## [Action item]
The data that follows is to be copied exactly, with each image removed.

## [Information shown]
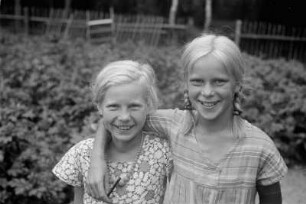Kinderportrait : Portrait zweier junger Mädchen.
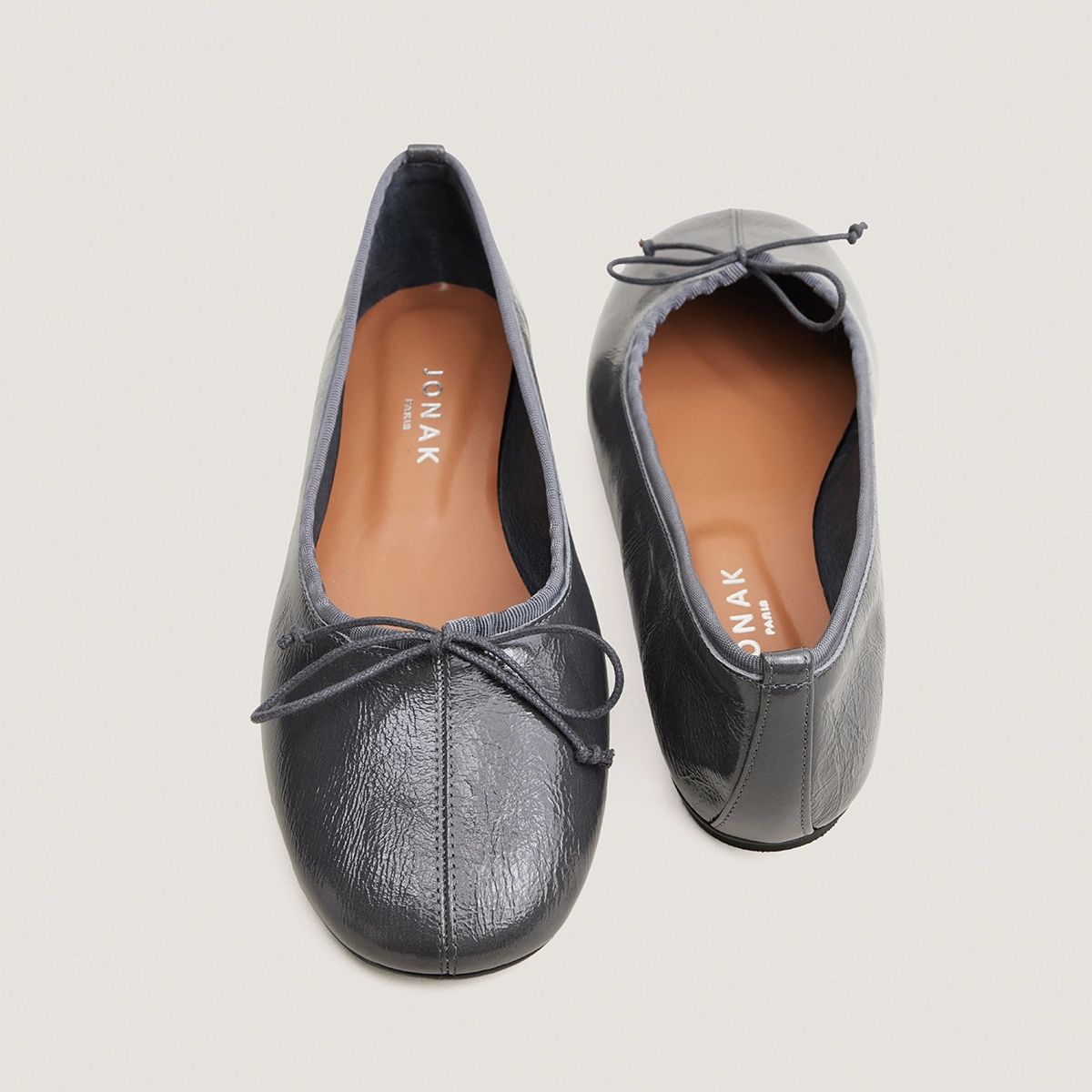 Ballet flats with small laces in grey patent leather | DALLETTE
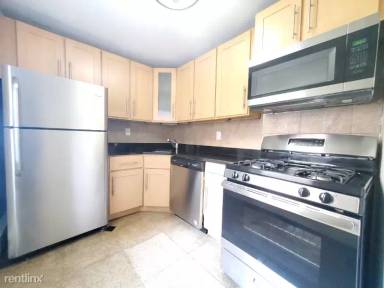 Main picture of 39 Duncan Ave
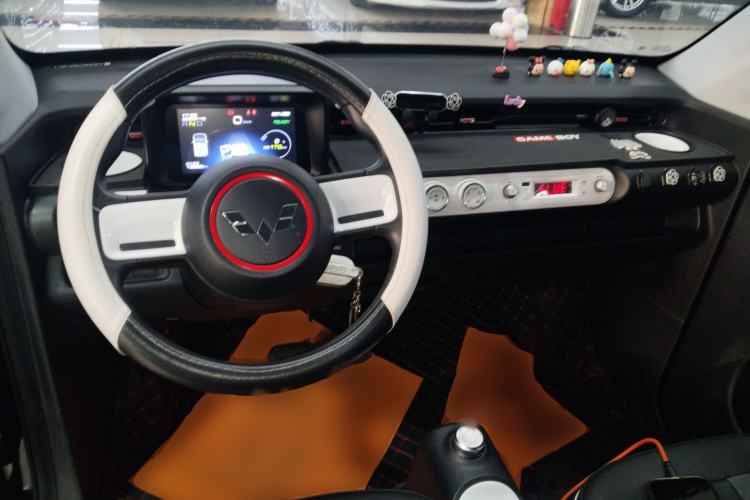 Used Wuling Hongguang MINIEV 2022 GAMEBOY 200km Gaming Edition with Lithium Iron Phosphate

## [Answer section]
Kinderportrait : Portrait zweier junger Mädchen.
 Ballet flats with small laces in grey patent leather | DALLETTE
 Main picture of 39 Duncan Ave
 Used Wuling Hongguang MINIEV 2022 GAMEBOY 200km Gaming Edition with Lithium Iron Phosphate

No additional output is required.